=== REQUIREMENT ===
Word for word, please restate each record and pass over the pictures.

INFORMATION SUPPLIED Start Marker

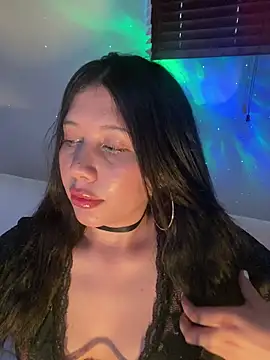 Snapshot of snow_doll chatting on October 10, 8:41 pm snow doll online show from October 10, 8:41 pm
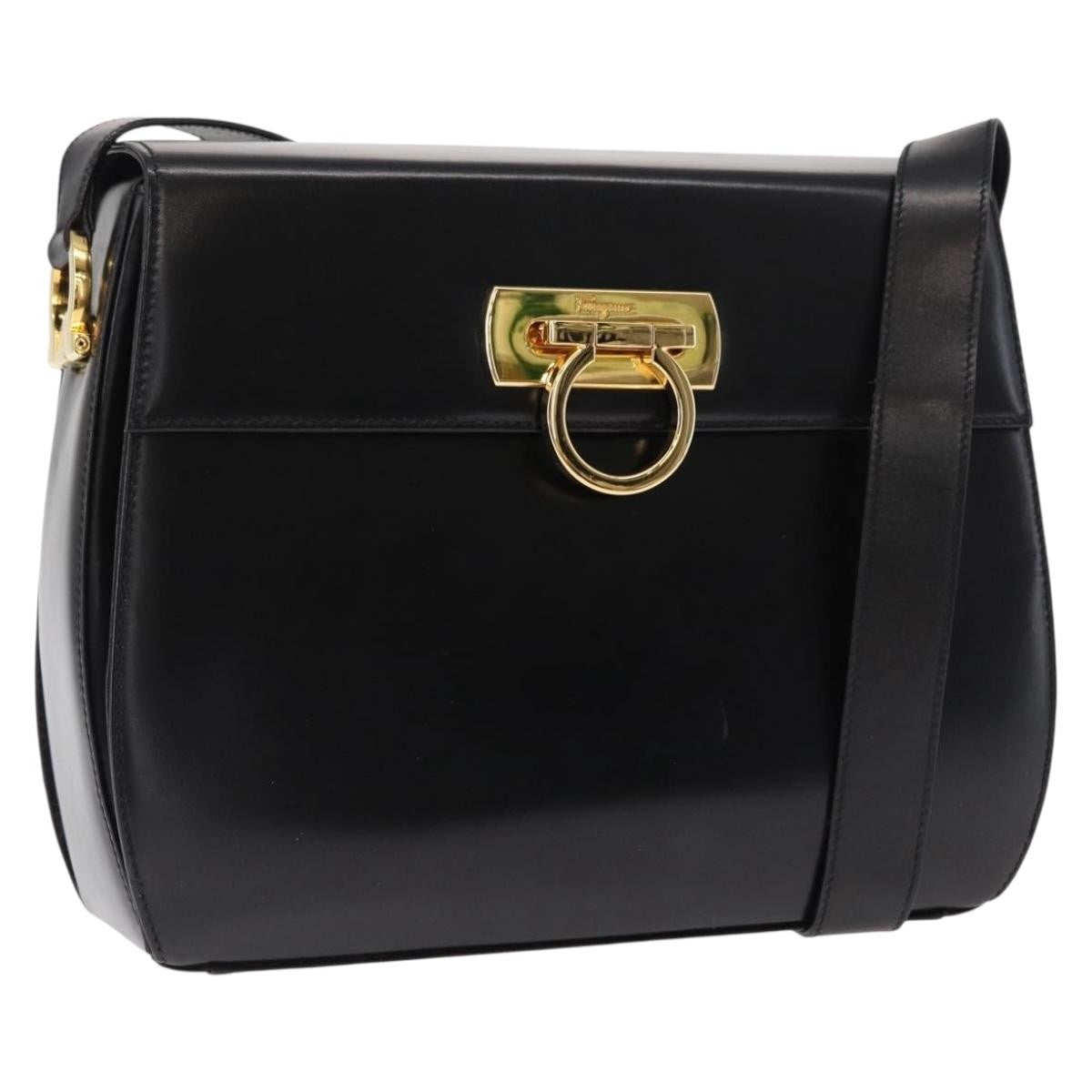 Salvatore Ferragamo Gancini Shoulder Bag Leather, BLACK, LEATHER, Shoulder bag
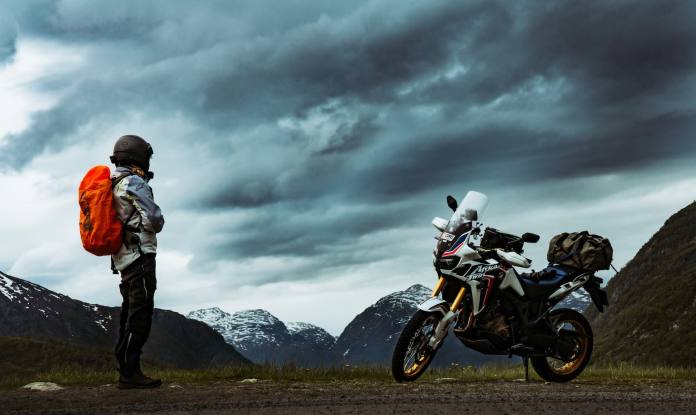 Las motos trail más aventureras de media cilindrada 2023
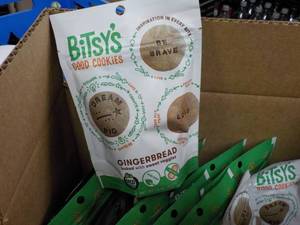 lot 355 image: Case of 12 Bitsys Gingerbread Cook...
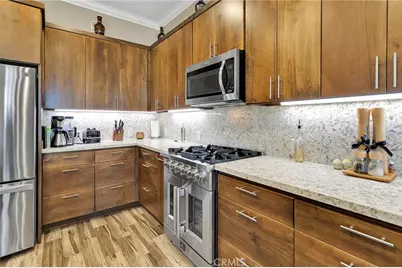 9879 Silver Palm Drive, Oak Hills, CA 92344 - Photo 23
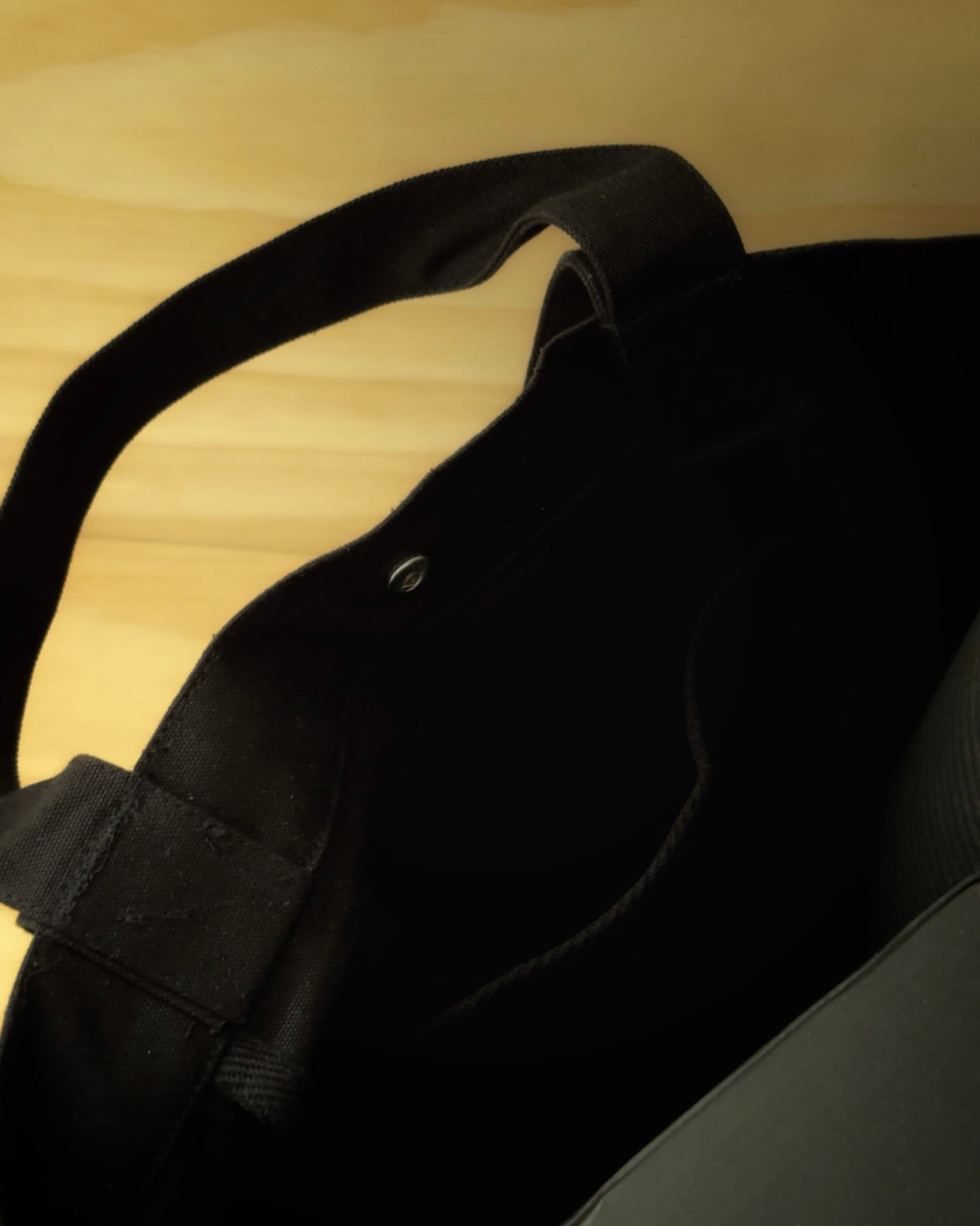 OVERSIZED TOTE | Black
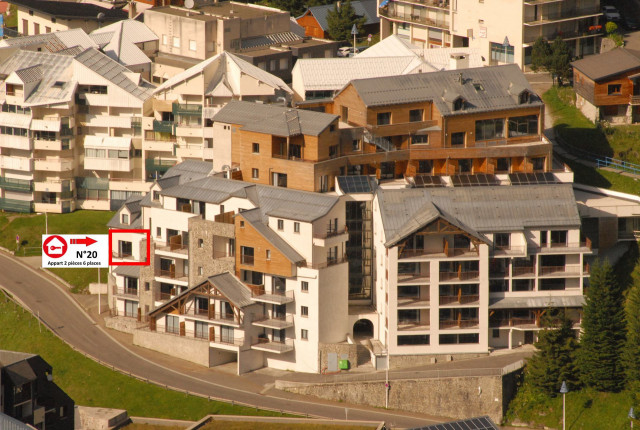 _lv_images__lot_0000000121_04_482435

INFORMATION SUPPLIED End Marker

=== EXERCISE ANSWER ===
 Snapshot of snow_doll chatting on October 10, 8:41 pm snow doll online show from October 10, 8:41 pm
 Salvatore Ferragamo Gancini Shoulder Bag Leather, BLACK, LEATHER, Shoulder bag
 Las motos trail más aventureras de media cilindrada 2023
 lot 355 image: Case of 12 Bitsys Gingerbread Cook...
 9879 Silver Palm Drive, Oak Hills, CA 92344 - Photo 23
 OVERSIZED TOTE | Black
 _lv_images__lot_0000000121_04_482435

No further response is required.